Practical reading. For spell-check, OSA's single extra recurrence case is adequate and O(nm); the metric failure only matters if you index with a structure that assumes the triangle inequality, in which case use true Damerau-Levenshtein.

9.1 Worked OSA Transposition

A = "teh", B = "the". Plain Levenshtein gives 2 (substitute e↔h at two positions). OSA, at cell (3,3): with A[2]='h'=B[1]='h' and A[1]='e'=B[2]='e', the transposition condition A[i-1]=B[j-2] ∧ A[i-2]=B[j-1] holds (A[2]=B[1] and A[1]=B[2]), so D[3][3] = min(usual, D[1][1] + 1) = min(2, 0+1) = 1. The single adjacent swap is captured for cost 1, matching the human intuition that teh → the is one mistake.

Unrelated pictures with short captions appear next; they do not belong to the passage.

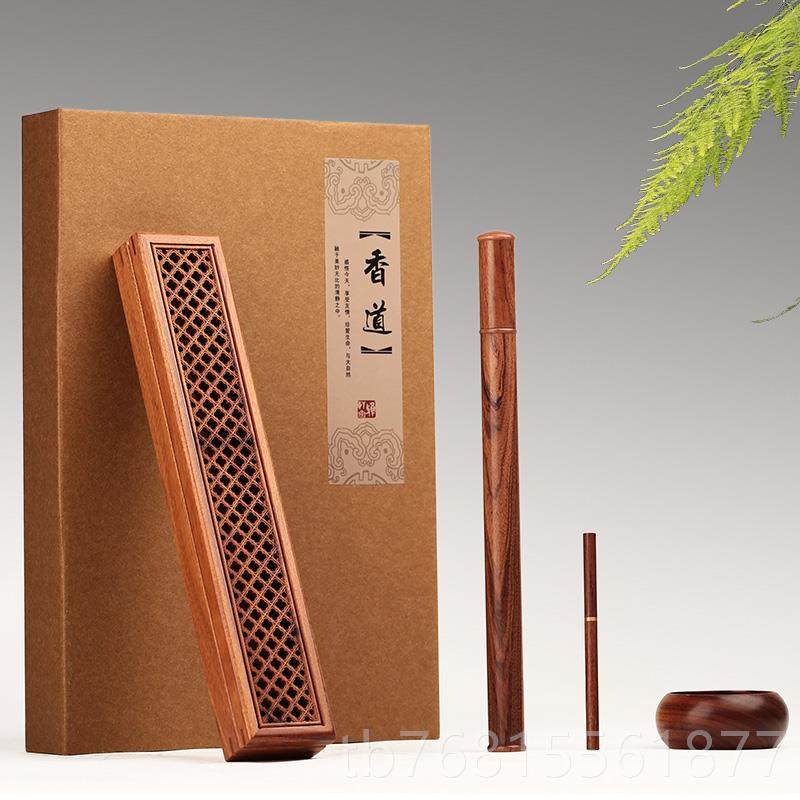 正品实木质香线香插卧香炉 盒意线香盒 家用檀香禅熏香炉香道具工,家居饰品,香薰炉,淘宝优惠券,粉丝福利购,淘宝优惠卷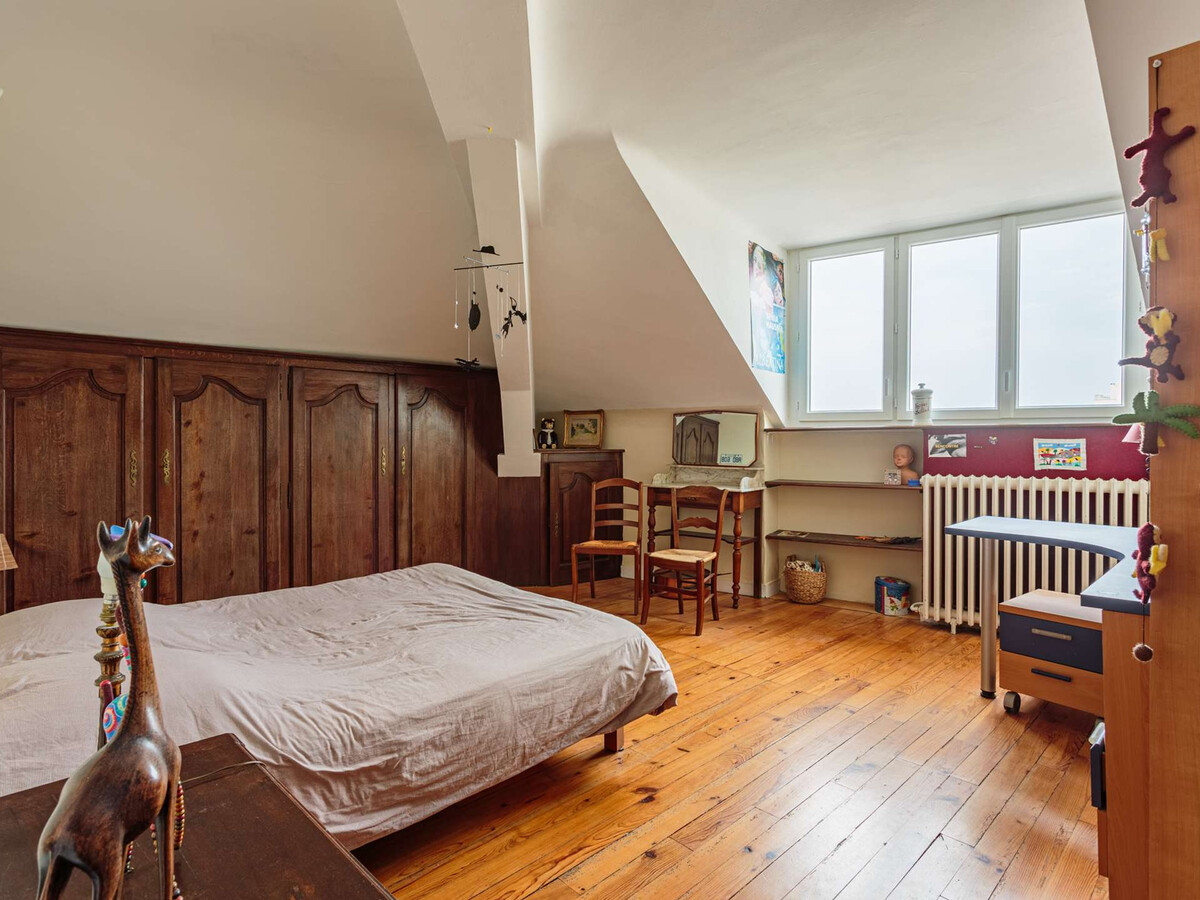 Appartement vue mer au 4e étage, centre de Biarritz - Photo 8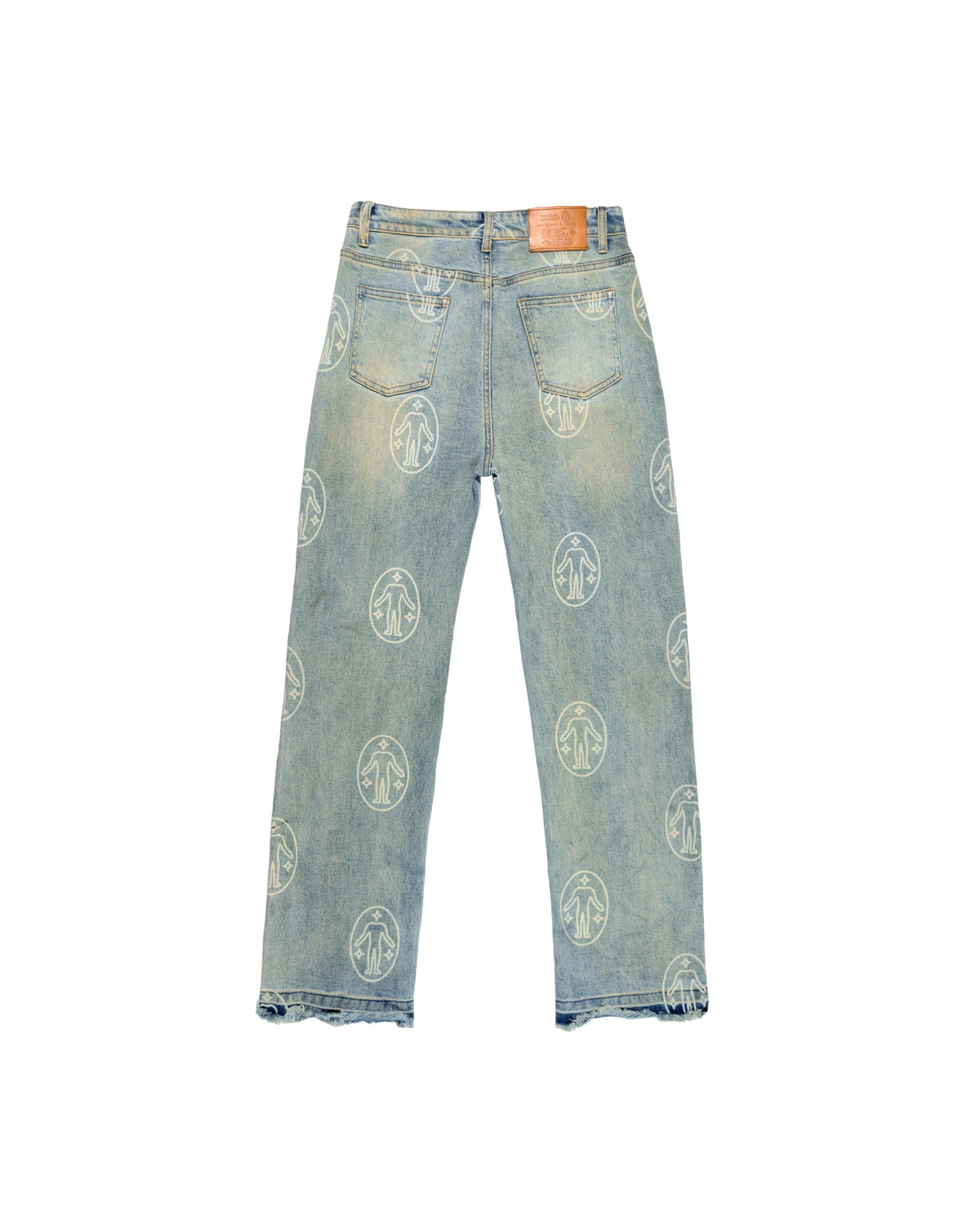 Denim Pants Signature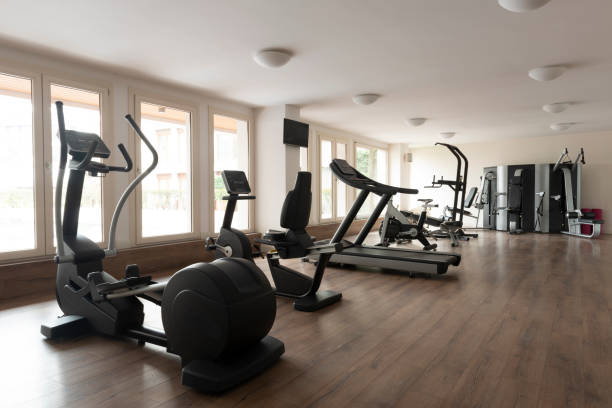 istock Gym, workout, fitness 1297619637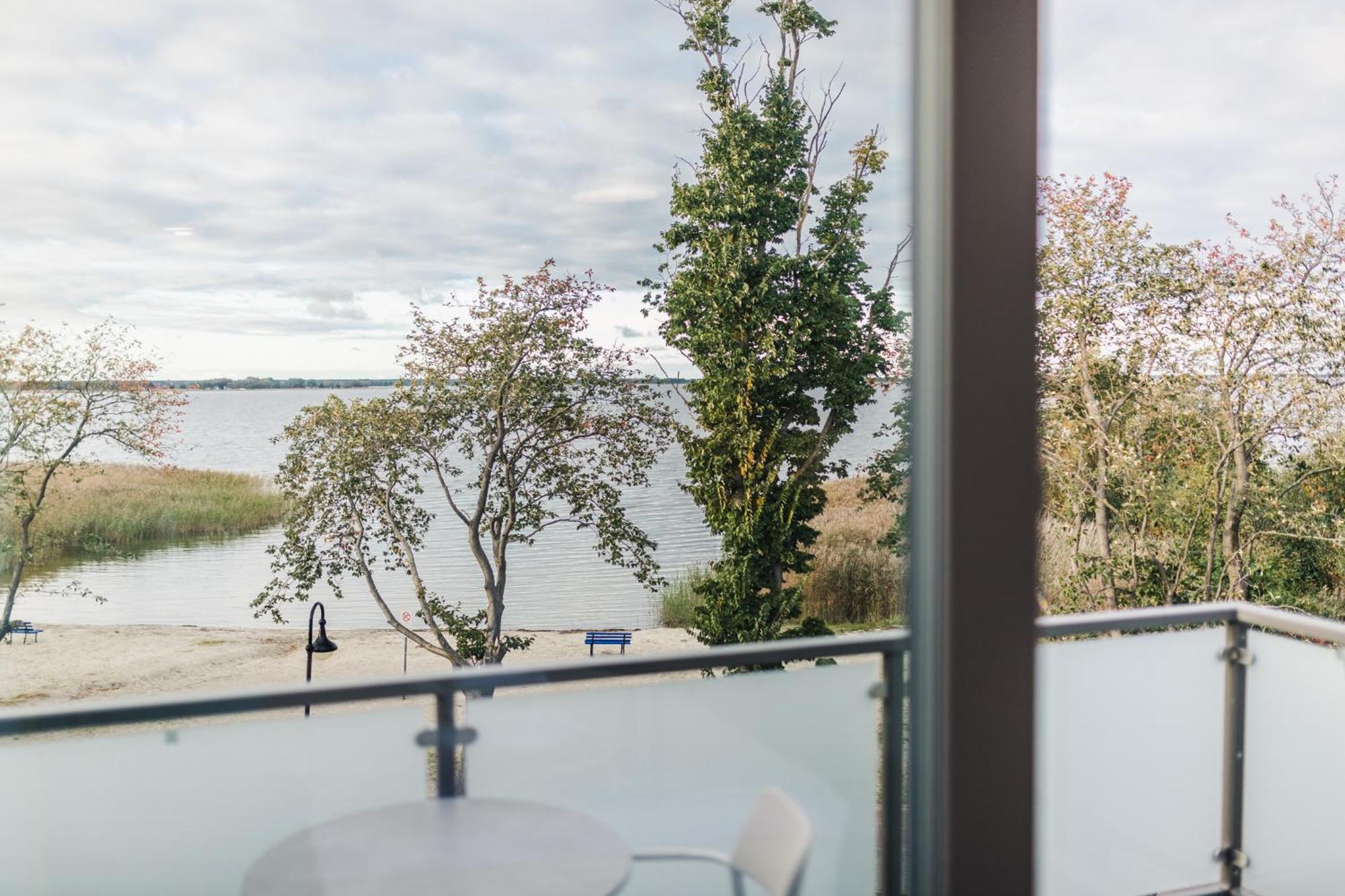 Baltic Lagoon Resort Direkt Am Meer Fuhlendorf  Kültér fotó
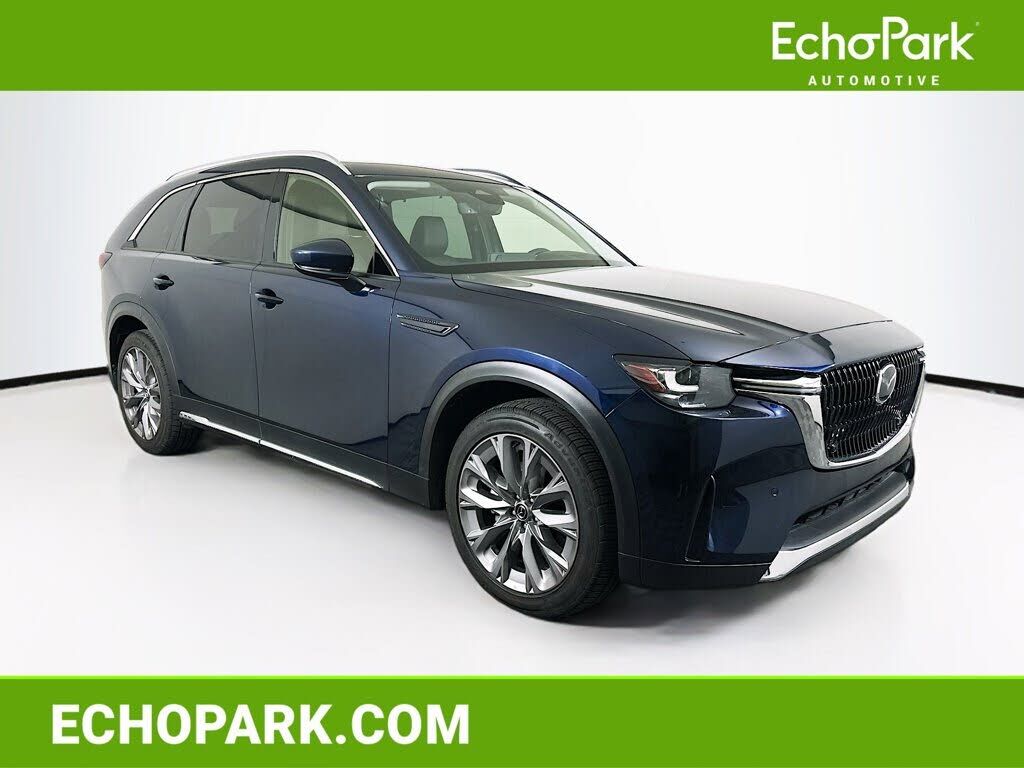 2024 MAZDA CX-90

9.2 Why the CA → ABC Counterexample Breaks OSA

For A = "CA", B = "ABC": a true Damerau realization is "insert B after A's implicit reorder," but achieving distance 2 requires transposing CA → AC and then editing the region again to reach ABC. OSA's no-re-edit rule forbids touching a transposed region twice, so its cheapest admissible sequence costs 3. The gap (3 vs 2) is small but real, and crucially it propagates: composing two such pairs violates the triangle inequality, which is why OSA is not a metric (Theorem 9.2) while true Damerau-Levenshtein is.


10. Weighted Costs and When the Metric Survives

Let the cost model be (w_ins(c), w_del(c), w_sub(c, c')) with w_sub(c, c) = 0. The recurrence of Theorem 2.1 generalizes verbatim with these weights; the correctness proof (last-column case analysis) is unchanged because it never used unit costs, only additivity.

Theorem 10.1 (Metric conditions). The weighted edit distance is a metric iff the cost model satisfies: 1. w_ins(c) = w_del(c) for all c (else symmetry fails), 2. w_sub(c, c') = w_sub(c', c) (symmetry of substitution), 3. w_sub(c, c'') ≤ w_sub(c, c') + w_sub(c', c'') and w_sub(c, c') ≤ w_del(c) + w_ins(c') (a "directly substitute" never beaten or beating "delete-then-insert" — sub-additivity), 4. all positive costs (so d(x,y) = 0 ⟺ x = y).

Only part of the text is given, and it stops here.